El parlamento en tiempos de fragmentación mundial

Las sesiones se suspenden. Las mayorías se construyen a medianoche, a cambio de cargos, favores, impunidad.

Hay edificios que no necesitan incendiarse para arder. Basta con el silencio, la omisión y el eco interminable de discursos vacíos para reducirlos a ceniza. El Congreso Nacional de Honduras es hoy un monumento a esa combustión lenta: no de fuego, sino de credibilidad. Un palacio que alguna vez prometió representar al pueblo y que ahora parece una casa embrujada por la traición y el estancamiento.

No es el único. Vivimos una era de congresos rotos, tribunas bloqueadas, coaliciones imposibles. Desde Washington hasta Tegucigalpa, desde Madrid hasta Nueva Delhi, los parlamentos del mundo han dejado de legislar y han comenzado a conspirar contra sí mismos. Son torres de Babel contemporáneas, donde no se hablan lenguas distintas, sino intereses irreconciliables. El diálogo ha muerto, y en su lugar reina el cálculo electoral.

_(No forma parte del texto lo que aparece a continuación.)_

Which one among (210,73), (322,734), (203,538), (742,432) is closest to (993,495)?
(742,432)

En Honduras, los partidos ya no representan ideologías: representan lealtades personales, pactos oscuros, silencios comprados. Las sesiones se suspenden. Las mayorías se construyen a medianoche, a cambio de cargos, favores, impunidad. El pueblo, mientras tanto, mira desde abajo cómo la historia se repite como farsa.

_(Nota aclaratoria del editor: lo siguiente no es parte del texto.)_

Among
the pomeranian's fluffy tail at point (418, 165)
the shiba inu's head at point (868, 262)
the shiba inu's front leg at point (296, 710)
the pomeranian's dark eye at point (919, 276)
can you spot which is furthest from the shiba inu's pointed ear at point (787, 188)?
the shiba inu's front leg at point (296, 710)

Pero ¿es esto un fenómeno hondureño? De ninguna manera. Es una epidemia parlamentaria mundial. El Congreso de Estados Unidos, cuna del republicanismo moderno, se ha convertido en un campo minado donde incluso aprobar un presupuesto es motivo de guerra civil interna. El de España vive en perpetua investidura, rehén de nacionalismos enfrentados. En Israel, cuatro elecciones en dos años. En Tailandia, el parlamento es un decorado militar. En Perú, el Congreso ha derrocado presidentes con la ligereza con que se pasa una página.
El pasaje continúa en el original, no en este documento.